- _YOUR INSTRUCTIONS_: Once the line with "Laserform S1 Pre-Order" is found, write it out along with every line after it, exactly, up to the last line of the entries below. Exclude pictures.

- _SOURCE INFORMATION_:
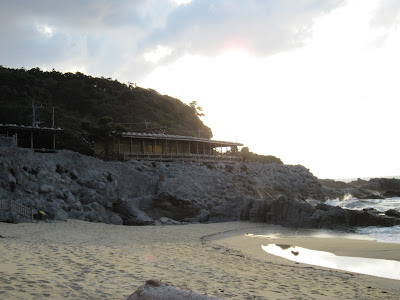 Yakushima
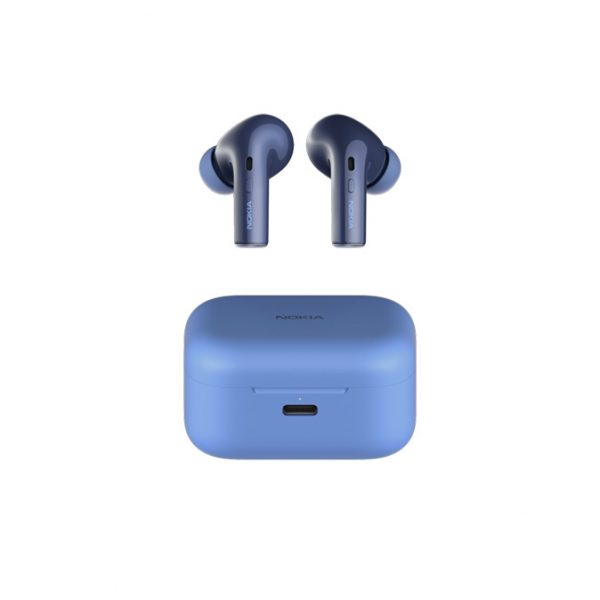 Nokia Essential True Wireless Earphones E3500 - Image 2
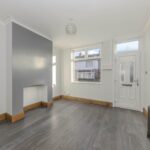 Alastair Rd, Oakhill, Stoke On Trent, ST4 5BE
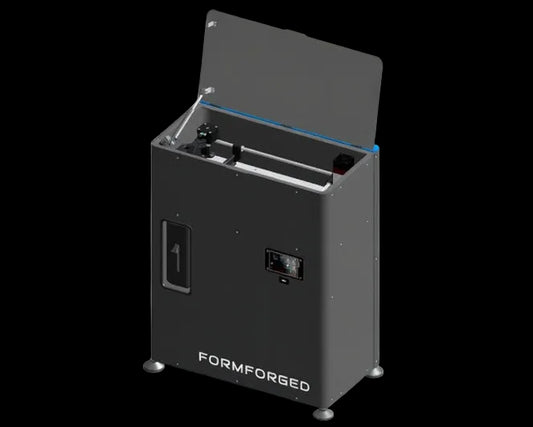 Laserform S1 Pre-Order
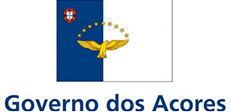 Governo dos Acores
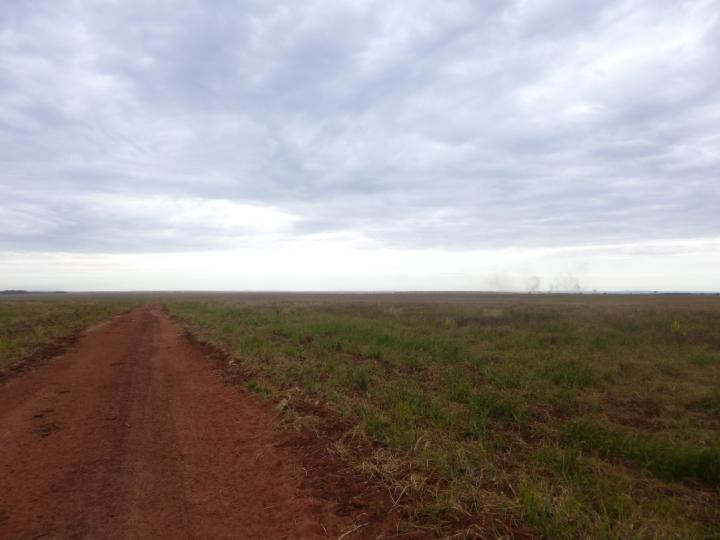 Fazenda, 7526 m² - Foto 15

- _TASK RESPONSE_:
 Laserform S1 Pre-Order
 Governo dos Acores
 Fazenda, 7526 m² - Foto 15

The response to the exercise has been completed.